- INSTRUCTIONS FOR THE TASK
Give again, exactly as written, each line of the material below starting at the line that contains "Royal Welsh Show" and ending at the line that contains "Cómo cultivar el". Both ends count, and no other line does.

───── RAW DATA

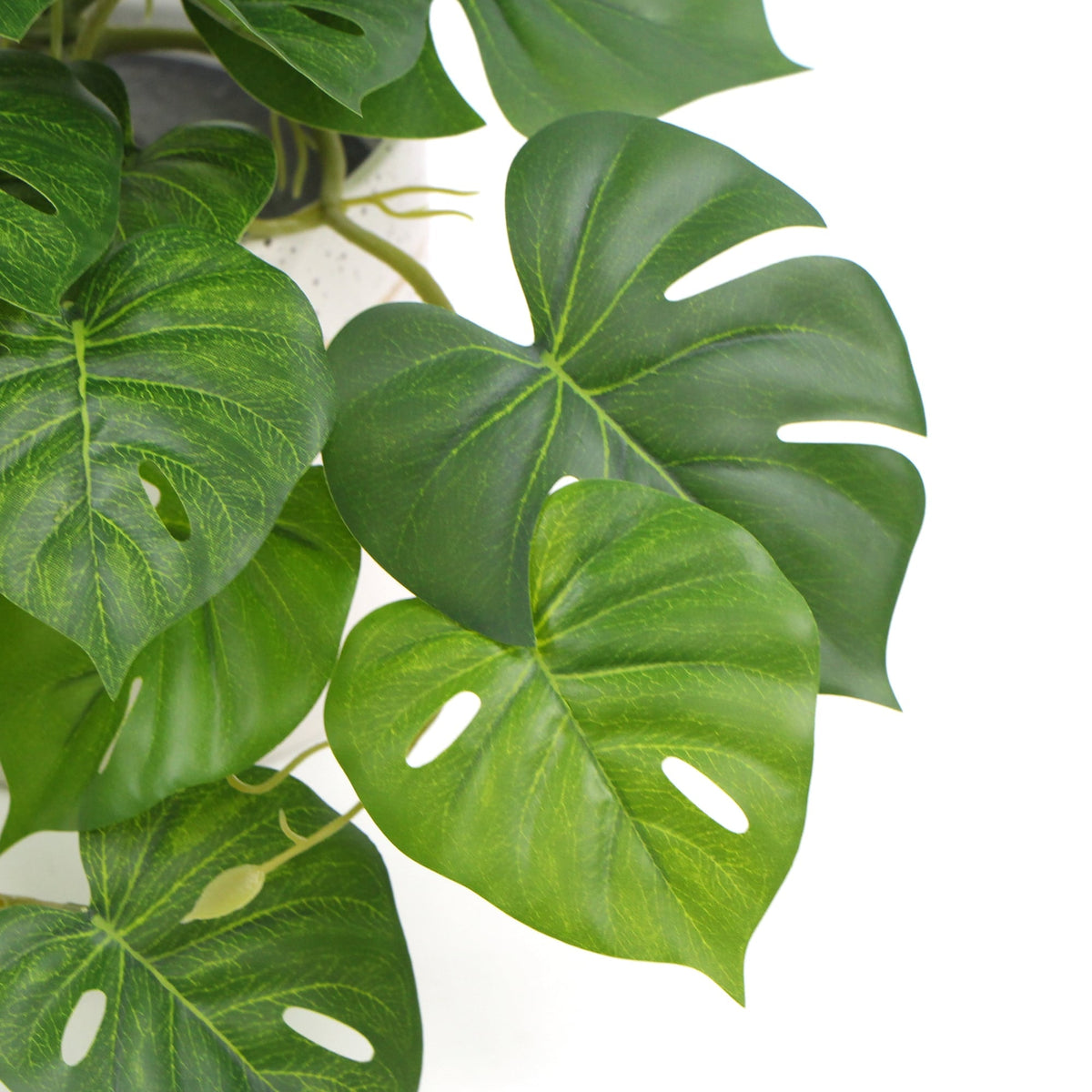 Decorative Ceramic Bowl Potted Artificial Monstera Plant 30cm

──────────
───── RAW DATA

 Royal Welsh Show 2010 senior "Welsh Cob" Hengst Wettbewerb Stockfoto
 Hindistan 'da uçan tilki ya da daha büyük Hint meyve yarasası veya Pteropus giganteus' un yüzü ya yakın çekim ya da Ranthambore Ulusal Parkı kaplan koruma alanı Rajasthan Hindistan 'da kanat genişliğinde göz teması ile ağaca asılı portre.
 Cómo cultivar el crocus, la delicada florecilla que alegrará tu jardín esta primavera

──────────

- RESULT OF THIS EXERCISE
 Royal Welsh Show 2010 senior "Welsh Cob" Hengst Wettbewerb Stockfoto
 Hindistan 'da uçan tilki ya da daha büyük Hint meyve yarasası veya Pteropus giganteus' un yüzü ya yakın çekim ya da Ranthambore Ulusal Parkı kaplan koruma alanı Rajasthan Hindistan 'da kanat genişliğinde göz teması ile ağaca asılı portre.
 Cómo cultivar el crocus, la delicada florecilla que alegrará tu jardín esta primavera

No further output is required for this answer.